Last week the Harvard Business Review ran an article entitled “Why People Thrive in Coworking Spaces” by Gretchen Spreitzer, Peter Bacevice, and Lyndon Garrett.
The article examined why those who belong to coworking spaces typically rate higher than traditional employees when it comes to thriving in the workplace. The authors boil their findings down to three reasons:
1) People who use coworking spaces see their work as meaningful. Freelancers and other remote workers often choose the type of work they want to do. Additionally, they don’t have to put on a work persona to fit in, because they aren’t worried about internal politics. The coworking movement aspires to values such as community, collaboration, learning, and sustainability, so participants are readily able to use their unique skill sets to help their other community members.

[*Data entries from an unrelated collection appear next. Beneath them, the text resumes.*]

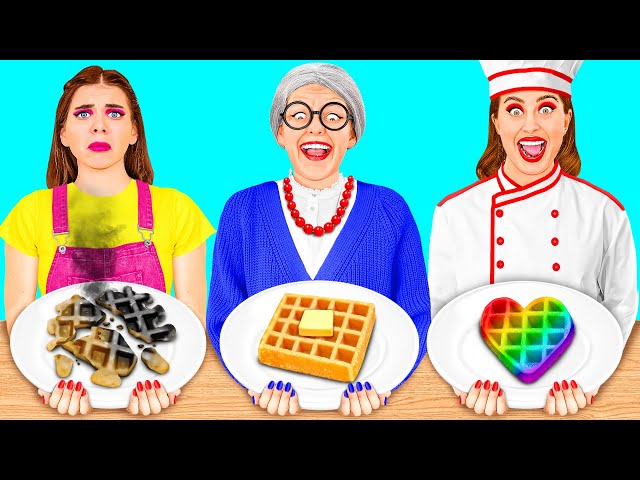 Me vs Grandma Cooking Challenge | Simple Secret Kitchen Hacks and Tools by BaRaDa Challenge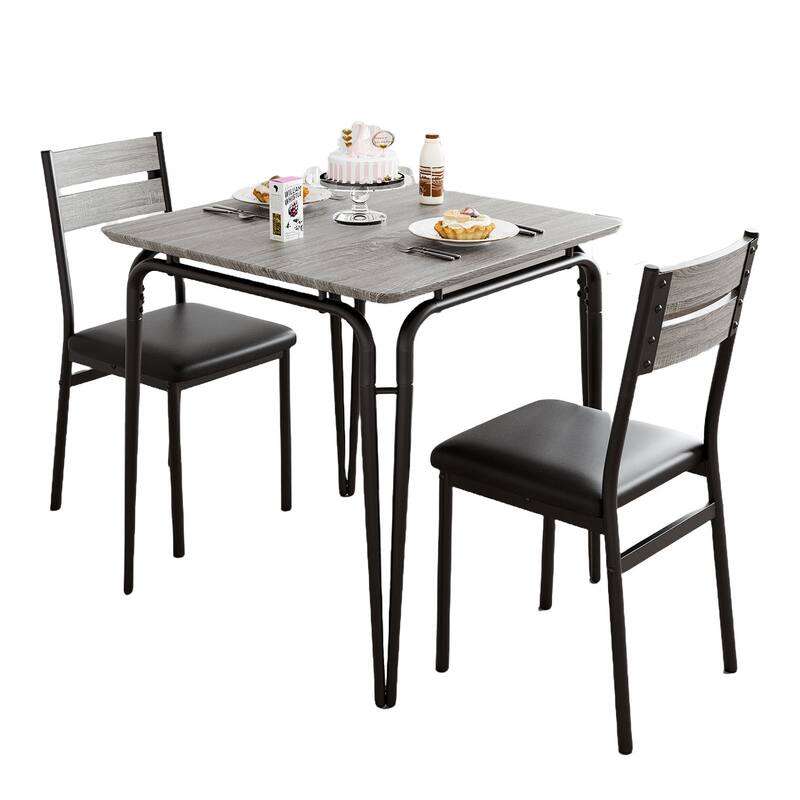 Dining Table Set with Chairs for Small Space Kitchen - 3-Piece (Set for 2)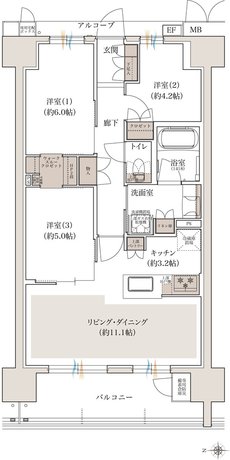 シーンズ南森町 間取り D type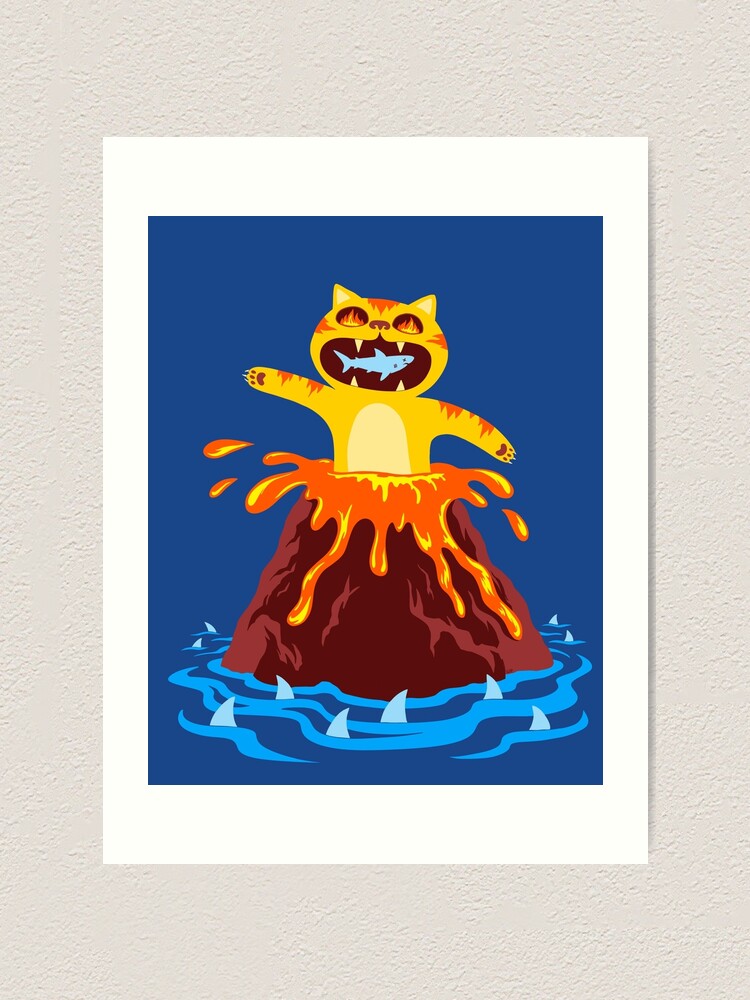 Alternate view of Volcano Cat Art Print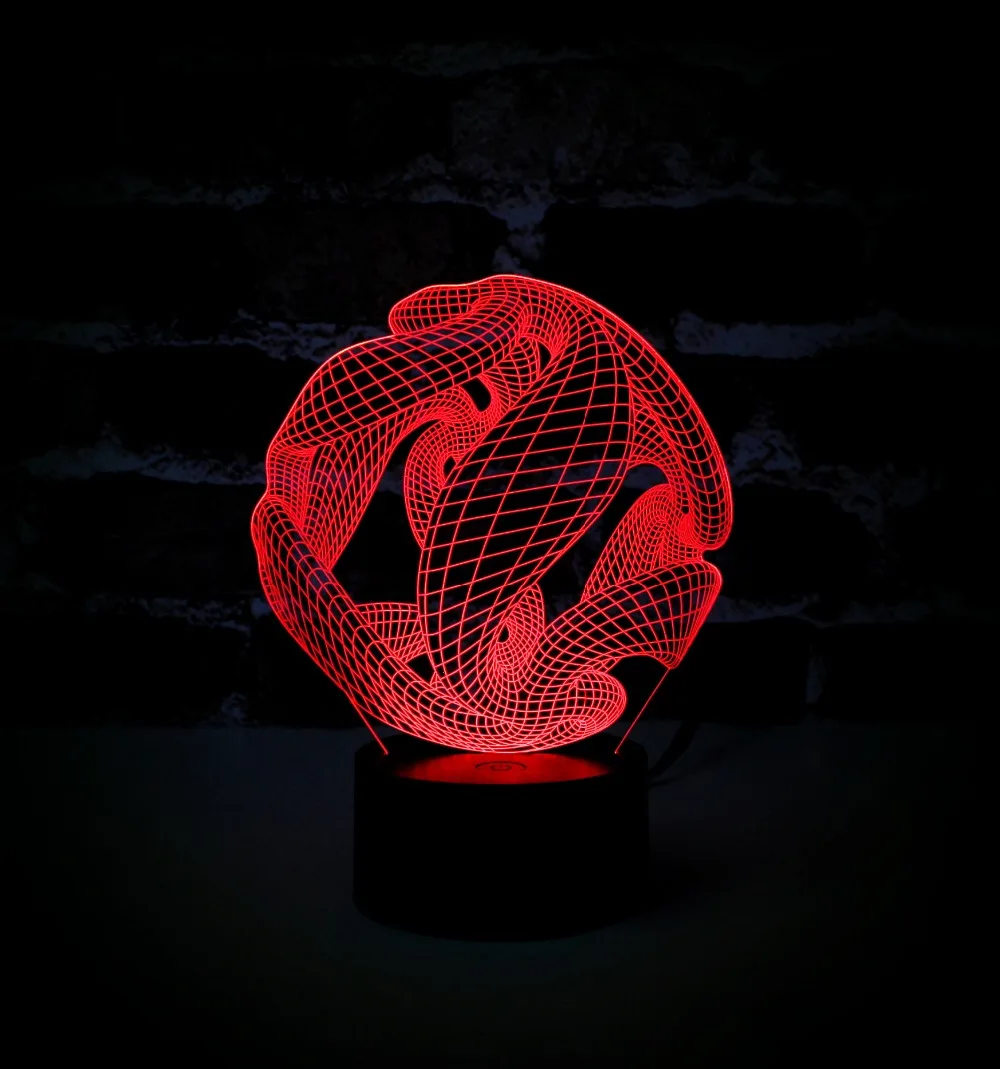 Забавный свет для сна и украшения комнаты рождественский подарок 3D светодиодный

2) They have more job control. Most coworking spaces are open 24/7, so members can fit their work schedule in around their other obligations or interests if they want. They can also decide whether to work alone in a quiet area, or move to a collaborative area where interaction is encouraged. While independent workers enjoy their relative autonomy, they also thrive under the loose structure and discipline that a coworking community provides.
3) They feel part of a community. Each coworking community has its own “vibe” and not only offers a unique work experience, but also connections with others. Though members join as individuals, they have the opportunity to become a part of the greater “we”. While socializing isn’t forced, there is always the potential for as much interaction as is desired.
The authors conclude their article with these thoughts:
Our research… suggests that the combination of a well-designed work environment and a well-curated work experience are part of the reason people who cowork demonstrate higher levels of thriving than their office-based counteraparts. But what matters the most for high levels of thriving is that people who cowork have substantial autonomy and can be themselves at work.